Performance of MySql Xml functions?

I am pretty excited about the new Mysql XMl Functions.
Now I can finally embed something like "object oriented" documents in my oldschool relational database.
For an example use-case consider a user who sings up at your website using facebook connect.
You can fetch an object for the user using the graph api, and get nice information. This information however can vary vastly. Some fields may or may not be set, some may be added over time and so on.
Well if you are just intersted in very special fields (for example friends relations, gender, movies...), you can project them into your relational database scheme.
However using the XMl functions you could store the whole object inside a field and then your different models can access the data using the ExtractValue function. You can store everything right away without needing to worry what you will need later.
But what will the performance be?
For example I have a table with 50 000 entries which represent useres.
I have an enum field that states "male", "female" (or various other genders to be politically correct).
The performance of for example fetching all males will be very fast.
But what about something like WHERE ExtractValue(userdata, '/gender/') = 'male' ?
How will the performance vary if the object gets bigger?
Can I maby somehow put an Index on specified xpath selections?
How do field types work together with this functions/performance. Varchar/blob?
Do I need fulltext indexes?
To sum up my question:
Mysql XML functins look great. And I am sure they are really great if you just want to store structured data that you fetch and analyze further in your application.
But how will they stand battle in procedures where there are internal scans/sorting/comparision/calculations performed on them?
Can Mysql replace document oriented databases like CouchDB/Sesame?
What are the gains and trade offs of XML functions?
How and why are they better/worse than a dynamic application that stores various data as attributes?
For example a key/value table with an xpath as key and the value as value connected to the document entity.
Anyone made any other experiences with it or has noticed something mentionable?
I tend to make comments similar to Pekka's, but I think the reason we cannot laugh this off is your statement "This information however can vary vastly." That means it is not realistic to plan to parse it all and project it into the database.
I cannot answer all of your questions, but I can answer some of them.
Most notably I cannot tell you about performance on MySQL. I have seen it in SQL Server, tested it, and found that SQL Server performs in memory XML extractions very slowly, to me it seemed as if it were reading from disk, but that is a bit of an exaggeration. Others may dispute this, but that is what I found.

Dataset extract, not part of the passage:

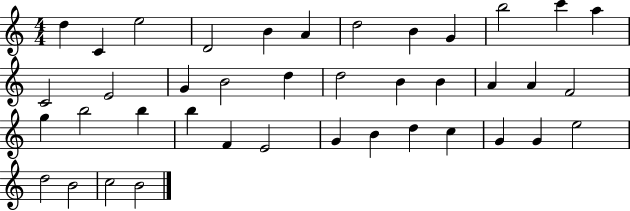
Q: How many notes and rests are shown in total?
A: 40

"Can Mysql replace document oriented databases like CouchDB/Sesame?" This question is a bit over-broad but in your case using MySQL lets you keep ACID compliance for these XML chunks, assuming you are using InnoDB, which cannot be said automatically for some of those document oriented databases.

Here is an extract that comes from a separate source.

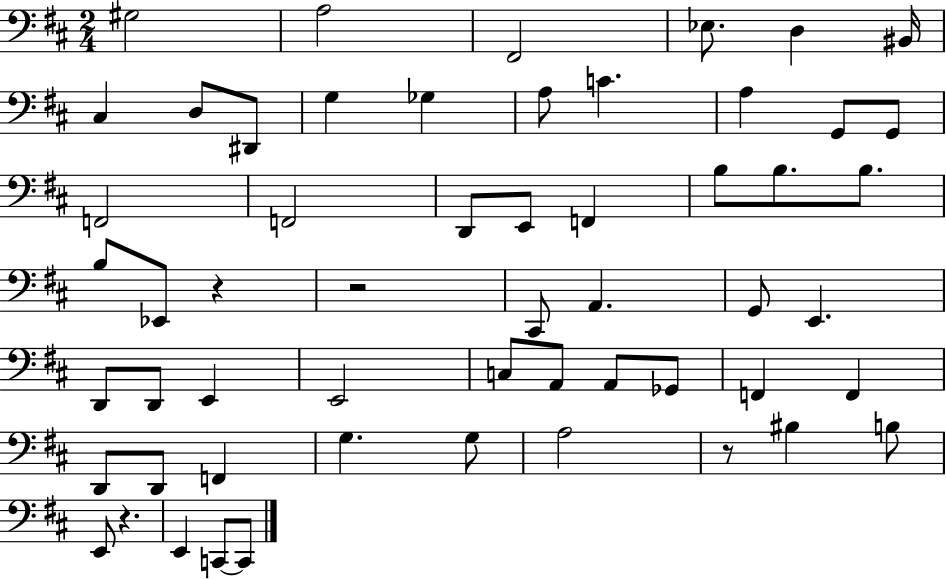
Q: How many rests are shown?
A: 4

"How and why are they better/worse than a dynamic application that stores various data as attributes?" I think this is really a matter of style. You are given XML chunks that are (presumably) documented and MySQL can navigate them. If you just keep them as-such you save a step. What would be gained by converting them to something else?
The MySQL docs suggest that the XML file will go into a clob field. Performance may suffer on larger docs. Perhaps then you will identify sub-documents that you want to regularly break out and put into a child table.
Along these same lines, if there are particular sub-docs you know you will want to know about, you can make a child table, "HasDocs", do a little pre-processing, and populate it with names of sub-docs with their counts. This would make for faster statistical analysis and also make it faster to find docs that have certain sub-docs.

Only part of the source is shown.